* **EXERCISE**:
The answer must consist of every line below that contains the word "Live".

──────── DATA IN THIS EXERCISE ────────

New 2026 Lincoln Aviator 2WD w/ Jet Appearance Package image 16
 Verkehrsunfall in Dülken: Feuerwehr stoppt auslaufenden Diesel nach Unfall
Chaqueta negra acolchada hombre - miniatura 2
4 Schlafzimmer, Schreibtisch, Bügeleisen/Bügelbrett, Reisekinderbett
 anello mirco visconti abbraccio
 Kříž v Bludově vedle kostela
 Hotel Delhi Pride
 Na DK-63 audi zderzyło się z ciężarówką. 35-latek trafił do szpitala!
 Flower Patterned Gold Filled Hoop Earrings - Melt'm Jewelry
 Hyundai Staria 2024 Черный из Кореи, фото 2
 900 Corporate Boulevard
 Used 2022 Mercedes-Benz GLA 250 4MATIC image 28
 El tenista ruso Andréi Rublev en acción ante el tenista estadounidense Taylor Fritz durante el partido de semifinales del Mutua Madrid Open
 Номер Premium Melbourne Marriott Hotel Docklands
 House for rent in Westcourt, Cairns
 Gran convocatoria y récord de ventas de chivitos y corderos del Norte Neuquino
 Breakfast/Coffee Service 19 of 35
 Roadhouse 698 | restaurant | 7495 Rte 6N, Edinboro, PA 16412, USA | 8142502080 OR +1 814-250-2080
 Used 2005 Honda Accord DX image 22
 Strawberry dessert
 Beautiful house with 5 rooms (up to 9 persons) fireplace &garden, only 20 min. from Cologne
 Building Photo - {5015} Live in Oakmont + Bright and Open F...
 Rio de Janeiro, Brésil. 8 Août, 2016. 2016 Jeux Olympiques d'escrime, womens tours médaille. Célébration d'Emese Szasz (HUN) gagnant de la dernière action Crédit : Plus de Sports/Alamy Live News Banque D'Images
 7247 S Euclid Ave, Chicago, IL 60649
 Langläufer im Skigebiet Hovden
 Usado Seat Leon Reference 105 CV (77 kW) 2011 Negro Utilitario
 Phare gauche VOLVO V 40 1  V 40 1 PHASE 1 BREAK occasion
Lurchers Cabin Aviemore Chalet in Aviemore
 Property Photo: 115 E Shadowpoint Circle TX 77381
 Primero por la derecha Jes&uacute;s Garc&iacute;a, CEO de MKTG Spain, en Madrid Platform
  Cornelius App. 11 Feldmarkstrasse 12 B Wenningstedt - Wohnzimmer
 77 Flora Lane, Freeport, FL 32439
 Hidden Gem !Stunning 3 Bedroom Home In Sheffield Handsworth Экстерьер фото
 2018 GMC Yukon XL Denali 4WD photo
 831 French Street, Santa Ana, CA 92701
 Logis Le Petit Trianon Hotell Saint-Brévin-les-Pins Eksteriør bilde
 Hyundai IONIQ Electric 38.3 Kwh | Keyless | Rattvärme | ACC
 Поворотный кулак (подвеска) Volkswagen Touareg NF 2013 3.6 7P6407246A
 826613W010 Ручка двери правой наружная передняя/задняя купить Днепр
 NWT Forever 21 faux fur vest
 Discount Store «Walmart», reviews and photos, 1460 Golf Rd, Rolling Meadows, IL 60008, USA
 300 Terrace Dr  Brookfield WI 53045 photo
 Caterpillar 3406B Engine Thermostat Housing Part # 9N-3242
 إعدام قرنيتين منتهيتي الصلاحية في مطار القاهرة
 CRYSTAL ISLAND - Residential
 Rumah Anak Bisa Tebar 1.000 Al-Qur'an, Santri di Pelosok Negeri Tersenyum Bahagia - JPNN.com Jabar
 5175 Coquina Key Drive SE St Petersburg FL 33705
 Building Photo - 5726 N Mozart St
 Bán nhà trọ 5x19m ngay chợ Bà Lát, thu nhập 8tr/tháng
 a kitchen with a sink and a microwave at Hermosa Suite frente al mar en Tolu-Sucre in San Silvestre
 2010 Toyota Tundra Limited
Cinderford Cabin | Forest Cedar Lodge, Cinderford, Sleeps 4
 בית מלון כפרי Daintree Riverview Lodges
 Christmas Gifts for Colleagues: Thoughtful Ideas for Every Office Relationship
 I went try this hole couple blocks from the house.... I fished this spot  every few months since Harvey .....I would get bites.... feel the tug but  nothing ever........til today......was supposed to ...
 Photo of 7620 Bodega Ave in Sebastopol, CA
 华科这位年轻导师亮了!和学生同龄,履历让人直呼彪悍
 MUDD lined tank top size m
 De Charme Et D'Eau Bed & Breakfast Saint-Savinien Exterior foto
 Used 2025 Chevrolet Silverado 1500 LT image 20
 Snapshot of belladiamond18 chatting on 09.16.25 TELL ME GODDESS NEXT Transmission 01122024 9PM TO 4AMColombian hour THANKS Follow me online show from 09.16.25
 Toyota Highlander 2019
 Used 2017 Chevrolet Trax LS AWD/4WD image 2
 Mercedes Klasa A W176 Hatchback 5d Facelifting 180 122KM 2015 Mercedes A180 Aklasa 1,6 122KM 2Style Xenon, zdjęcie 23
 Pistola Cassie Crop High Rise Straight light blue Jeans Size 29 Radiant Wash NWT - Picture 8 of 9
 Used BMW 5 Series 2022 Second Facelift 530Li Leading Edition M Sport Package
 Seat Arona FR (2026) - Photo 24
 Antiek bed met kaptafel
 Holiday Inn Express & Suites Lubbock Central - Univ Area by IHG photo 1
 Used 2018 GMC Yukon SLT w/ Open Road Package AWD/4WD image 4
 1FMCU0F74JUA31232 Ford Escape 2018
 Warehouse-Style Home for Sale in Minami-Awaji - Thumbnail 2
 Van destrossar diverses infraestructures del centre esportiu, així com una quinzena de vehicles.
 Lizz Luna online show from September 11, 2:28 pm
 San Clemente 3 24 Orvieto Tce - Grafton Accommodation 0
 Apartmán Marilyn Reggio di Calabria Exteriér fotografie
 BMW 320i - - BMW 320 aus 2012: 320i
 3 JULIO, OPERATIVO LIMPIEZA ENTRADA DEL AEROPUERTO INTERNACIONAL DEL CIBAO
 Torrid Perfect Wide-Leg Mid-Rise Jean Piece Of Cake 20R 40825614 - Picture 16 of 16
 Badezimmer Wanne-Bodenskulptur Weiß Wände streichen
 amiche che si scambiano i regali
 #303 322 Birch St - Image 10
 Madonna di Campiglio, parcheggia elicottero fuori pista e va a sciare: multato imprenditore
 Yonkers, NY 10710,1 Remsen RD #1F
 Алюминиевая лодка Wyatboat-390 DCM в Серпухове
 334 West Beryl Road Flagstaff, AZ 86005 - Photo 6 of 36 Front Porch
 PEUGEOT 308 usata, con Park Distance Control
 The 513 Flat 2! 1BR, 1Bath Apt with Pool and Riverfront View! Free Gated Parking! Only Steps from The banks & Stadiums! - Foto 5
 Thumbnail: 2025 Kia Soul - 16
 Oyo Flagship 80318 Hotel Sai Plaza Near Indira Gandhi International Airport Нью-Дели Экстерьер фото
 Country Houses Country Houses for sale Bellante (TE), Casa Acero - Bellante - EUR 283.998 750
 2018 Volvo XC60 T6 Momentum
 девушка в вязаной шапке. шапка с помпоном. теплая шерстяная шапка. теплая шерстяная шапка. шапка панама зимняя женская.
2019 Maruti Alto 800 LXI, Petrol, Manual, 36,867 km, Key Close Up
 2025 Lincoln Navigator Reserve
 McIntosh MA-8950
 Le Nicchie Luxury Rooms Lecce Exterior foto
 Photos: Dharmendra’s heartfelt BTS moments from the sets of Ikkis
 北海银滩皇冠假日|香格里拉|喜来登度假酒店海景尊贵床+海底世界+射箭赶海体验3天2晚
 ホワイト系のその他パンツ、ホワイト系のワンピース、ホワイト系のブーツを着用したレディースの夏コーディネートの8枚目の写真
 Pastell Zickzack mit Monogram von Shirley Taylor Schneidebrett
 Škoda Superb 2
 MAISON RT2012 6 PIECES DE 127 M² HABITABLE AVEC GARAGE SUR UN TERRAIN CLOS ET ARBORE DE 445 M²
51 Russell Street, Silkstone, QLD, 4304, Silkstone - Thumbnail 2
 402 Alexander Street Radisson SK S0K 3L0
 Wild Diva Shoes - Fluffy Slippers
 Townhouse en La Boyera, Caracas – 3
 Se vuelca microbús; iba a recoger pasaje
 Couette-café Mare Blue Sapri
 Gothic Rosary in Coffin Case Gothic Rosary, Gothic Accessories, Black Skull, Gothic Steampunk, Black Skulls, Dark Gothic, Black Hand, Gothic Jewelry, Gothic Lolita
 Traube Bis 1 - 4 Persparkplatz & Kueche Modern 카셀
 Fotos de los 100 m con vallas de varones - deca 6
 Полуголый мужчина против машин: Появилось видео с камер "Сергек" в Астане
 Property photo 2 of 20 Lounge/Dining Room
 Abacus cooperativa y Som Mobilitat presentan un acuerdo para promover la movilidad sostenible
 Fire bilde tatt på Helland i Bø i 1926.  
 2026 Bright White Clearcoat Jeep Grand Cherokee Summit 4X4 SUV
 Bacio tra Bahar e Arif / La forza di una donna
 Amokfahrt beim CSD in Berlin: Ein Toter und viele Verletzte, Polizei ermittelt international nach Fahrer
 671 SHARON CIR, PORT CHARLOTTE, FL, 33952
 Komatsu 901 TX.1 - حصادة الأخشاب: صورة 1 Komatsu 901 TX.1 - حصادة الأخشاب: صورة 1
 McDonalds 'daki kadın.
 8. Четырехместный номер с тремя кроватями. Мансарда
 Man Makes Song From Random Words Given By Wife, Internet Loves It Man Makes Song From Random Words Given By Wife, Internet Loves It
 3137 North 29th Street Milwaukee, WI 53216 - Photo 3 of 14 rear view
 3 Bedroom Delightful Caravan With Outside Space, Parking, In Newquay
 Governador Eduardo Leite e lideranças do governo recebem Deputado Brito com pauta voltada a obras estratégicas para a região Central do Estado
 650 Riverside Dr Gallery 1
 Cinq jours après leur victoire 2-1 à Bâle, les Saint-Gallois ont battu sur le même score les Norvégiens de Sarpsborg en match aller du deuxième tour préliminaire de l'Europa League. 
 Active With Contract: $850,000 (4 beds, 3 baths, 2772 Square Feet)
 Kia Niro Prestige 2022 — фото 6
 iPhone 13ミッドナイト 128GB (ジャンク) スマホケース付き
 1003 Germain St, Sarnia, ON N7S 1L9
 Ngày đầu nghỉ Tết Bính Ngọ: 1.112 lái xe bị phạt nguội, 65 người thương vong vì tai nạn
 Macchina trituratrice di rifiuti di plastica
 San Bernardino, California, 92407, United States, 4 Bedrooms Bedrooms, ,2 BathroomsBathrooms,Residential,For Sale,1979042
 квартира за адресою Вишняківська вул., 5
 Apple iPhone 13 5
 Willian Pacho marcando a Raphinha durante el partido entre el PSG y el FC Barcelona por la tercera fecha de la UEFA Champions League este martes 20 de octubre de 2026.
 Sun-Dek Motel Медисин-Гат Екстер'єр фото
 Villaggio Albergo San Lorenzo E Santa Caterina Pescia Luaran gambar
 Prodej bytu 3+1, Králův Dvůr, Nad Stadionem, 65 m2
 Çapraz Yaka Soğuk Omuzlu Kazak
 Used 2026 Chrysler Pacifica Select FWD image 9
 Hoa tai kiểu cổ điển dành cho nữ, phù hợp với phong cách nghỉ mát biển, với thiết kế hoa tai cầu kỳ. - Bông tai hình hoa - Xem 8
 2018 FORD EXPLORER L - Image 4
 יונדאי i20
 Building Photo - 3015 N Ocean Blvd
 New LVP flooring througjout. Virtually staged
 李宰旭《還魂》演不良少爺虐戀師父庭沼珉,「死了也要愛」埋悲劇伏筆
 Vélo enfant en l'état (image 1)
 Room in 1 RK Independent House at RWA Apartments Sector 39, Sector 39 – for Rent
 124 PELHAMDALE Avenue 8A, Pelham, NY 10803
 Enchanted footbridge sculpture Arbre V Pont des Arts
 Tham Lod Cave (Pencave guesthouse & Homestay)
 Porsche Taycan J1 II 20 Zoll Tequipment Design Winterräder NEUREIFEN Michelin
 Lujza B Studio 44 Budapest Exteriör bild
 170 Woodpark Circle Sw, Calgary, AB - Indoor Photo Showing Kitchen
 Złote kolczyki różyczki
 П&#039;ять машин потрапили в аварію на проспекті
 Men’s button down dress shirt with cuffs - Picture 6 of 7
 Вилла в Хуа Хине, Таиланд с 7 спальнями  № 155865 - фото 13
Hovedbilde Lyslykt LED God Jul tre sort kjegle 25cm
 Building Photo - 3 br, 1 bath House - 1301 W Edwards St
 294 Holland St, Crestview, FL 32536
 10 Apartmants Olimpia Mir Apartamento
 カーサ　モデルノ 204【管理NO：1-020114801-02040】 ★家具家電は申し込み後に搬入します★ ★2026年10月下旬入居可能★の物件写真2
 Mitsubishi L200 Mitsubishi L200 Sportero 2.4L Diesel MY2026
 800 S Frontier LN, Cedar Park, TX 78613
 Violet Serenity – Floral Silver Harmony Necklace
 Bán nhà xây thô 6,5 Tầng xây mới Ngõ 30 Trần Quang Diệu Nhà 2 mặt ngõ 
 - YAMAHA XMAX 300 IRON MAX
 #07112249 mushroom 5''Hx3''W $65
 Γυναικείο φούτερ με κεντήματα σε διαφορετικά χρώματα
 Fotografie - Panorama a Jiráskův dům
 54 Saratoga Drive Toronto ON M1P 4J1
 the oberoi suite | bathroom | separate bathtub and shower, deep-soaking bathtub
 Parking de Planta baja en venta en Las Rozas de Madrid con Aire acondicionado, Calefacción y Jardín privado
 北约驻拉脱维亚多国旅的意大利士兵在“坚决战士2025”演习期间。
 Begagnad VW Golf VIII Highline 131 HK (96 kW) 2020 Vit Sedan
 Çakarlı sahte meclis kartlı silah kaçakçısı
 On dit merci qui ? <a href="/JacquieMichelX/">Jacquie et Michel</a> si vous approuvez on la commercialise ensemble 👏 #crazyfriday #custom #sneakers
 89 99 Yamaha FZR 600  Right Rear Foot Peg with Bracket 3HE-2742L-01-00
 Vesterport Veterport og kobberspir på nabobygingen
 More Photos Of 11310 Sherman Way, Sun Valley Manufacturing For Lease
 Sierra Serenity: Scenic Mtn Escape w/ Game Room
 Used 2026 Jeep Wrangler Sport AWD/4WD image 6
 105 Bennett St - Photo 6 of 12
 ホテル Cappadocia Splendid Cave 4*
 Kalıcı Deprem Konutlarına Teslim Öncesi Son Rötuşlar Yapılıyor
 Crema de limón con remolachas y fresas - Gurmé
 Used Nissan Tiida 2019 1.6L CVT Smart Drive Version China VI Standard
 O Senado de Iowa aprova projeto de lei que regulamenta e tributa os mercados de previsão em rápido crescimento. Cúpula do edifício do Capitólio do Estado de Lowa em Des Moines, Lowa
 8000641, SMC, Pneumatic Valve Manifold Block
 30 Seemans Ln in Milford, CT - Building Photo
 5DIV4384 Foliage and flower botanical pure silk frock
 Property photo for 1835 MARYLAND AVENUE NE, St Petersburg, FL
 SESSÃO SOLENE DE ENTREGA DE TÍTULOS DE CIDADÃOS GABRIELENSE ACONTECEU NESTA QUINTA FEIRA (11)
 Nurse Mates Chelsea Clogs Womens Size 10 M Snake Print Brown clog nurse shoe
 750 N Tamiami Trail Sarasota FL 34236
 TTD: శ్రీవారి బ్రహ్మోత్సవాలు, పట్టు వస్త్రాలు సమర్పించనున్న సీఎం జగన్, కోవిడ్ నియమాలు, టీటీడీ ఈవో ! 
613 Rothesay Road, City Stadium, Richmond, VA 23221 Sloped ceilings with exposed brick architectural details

────────

* **ANSWER TO THIS EXERCISE**:
 Building Photo - {5015} Live in Oakmont + Bright and Open F...
 Rio de Janeiro, Brésil. 8 Août, 2016. 2016 Jeux Olympiques d'escrime, womens tours médaille. Célébration d'Emese Szasz (HUN) gagnant de la dernière action Crédit : Plus de Sports/Alamy Live News Banque D'Images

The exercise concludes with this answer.